Literary Theory: Psychoanalytic Approach

Sigmund Freud's theory of the unconscious is one of his greatest contributions to psychology. As a doctor, Freud was interested in studying how the human mind affects the body through illnesses such as hysteria and neurosis; and in devising a treatment method. As a philosopher, he was interested in finding how the mind interacts with structures of civilization such as taboos and religious beliefs.

In his work 'Civilizations and Discontents', he argues that there are two principles, namely 'pleasure principle' and 'reality principal' that are at work. The pleasure principle focuses in immediate gratification of needs, irrespective of social norms or any other regulations. The reality principle is the one that controls the pleasure by adhering to the societal rules. This process of subordination of pleasure, and channelling that energy into something more productive is known as sublimation. As we know, for Freud, all pleasure is of sexual nature. So, he argues that when we sublimate our sexual desires and channel that energy into a productive activity, civilization is born.

Now, the repressed pleasure does not just disappear into oblivion. It occupies a place in the mind and these repressed thoughts form the unconscious. Children up to the age of 2 or 3 years do not have an unconscious because they have no reality principle that can sublimate the pleasure principle. Young children are believed to focus only on immediate gratification. It is only as we grow up learning about the rules and norms that reality principle develops.

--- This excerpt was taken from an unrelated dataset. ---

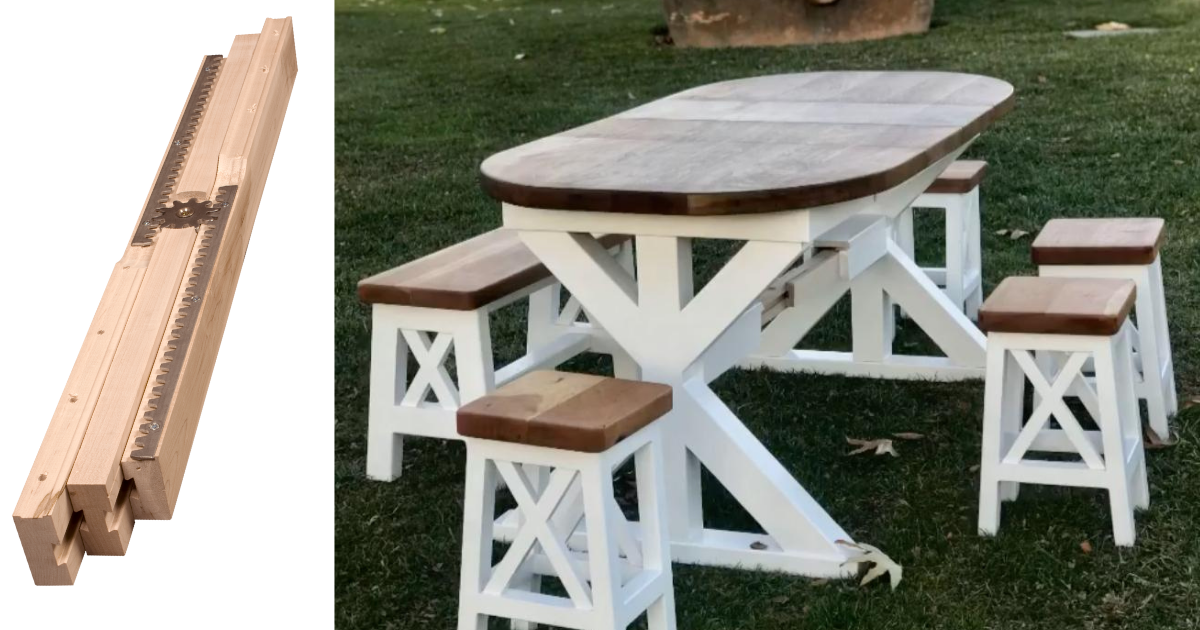 Table Straddle Osborne Wood | Table Slide Hidden in Unique Sliding Trestle Table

The conscious mind does not have direct access to the unconscious. However, there are three indirect ways through which we can access the content of the unconscious, namely, (1) dreams, (2) parapaxes and (3) jokes.

Dreams are a path to the unconscious. They mask the unconscious desires in two ways. First is through condensation, where a metaphor or single image is used to represent some unconscious wish. Second process is that of displacement, where one idea is replaced by something associated with it. In language, it related to metonymy, such as when 'fine hand' refers to good handwriting. Parapaxes, better known as slips of tongue are another way that the unconscious tries to assert itself. They reveal the repressed wishes in the unconscious. The third path to unconscious is through jokes, be they of any kind, because we derive pleasure out from it.

Pleasure seeking behaviour is thought to be innate in human beings. It begins since a child is born. He says that the child is polymorphously perverse, i.e. the child's libidinal drives are directed towards any object that might provide pleasure. The child experiences pleasure when any of the erotogenic zones are stimulated. (The first pleasure of the child is of an incestuous nature since it is derived from contact with the mother's body.) It is only when the child enters the latency period that these polymorphously perverse drives are put on hold. At the onset of puberty, these desires acquire a new aim, which is directed to an object outside. Psychoanalysis explains how a child moves from polymorphous perversity to forming a gendered and sexual self. A very important of this process is the resolution of the Oedipus complex. This process turns us away from incestuous sexual desire to exogamous sexual desire.


Anil Pinto said...

Good job, Marisha.

arshi said...

thanks marisha.. :)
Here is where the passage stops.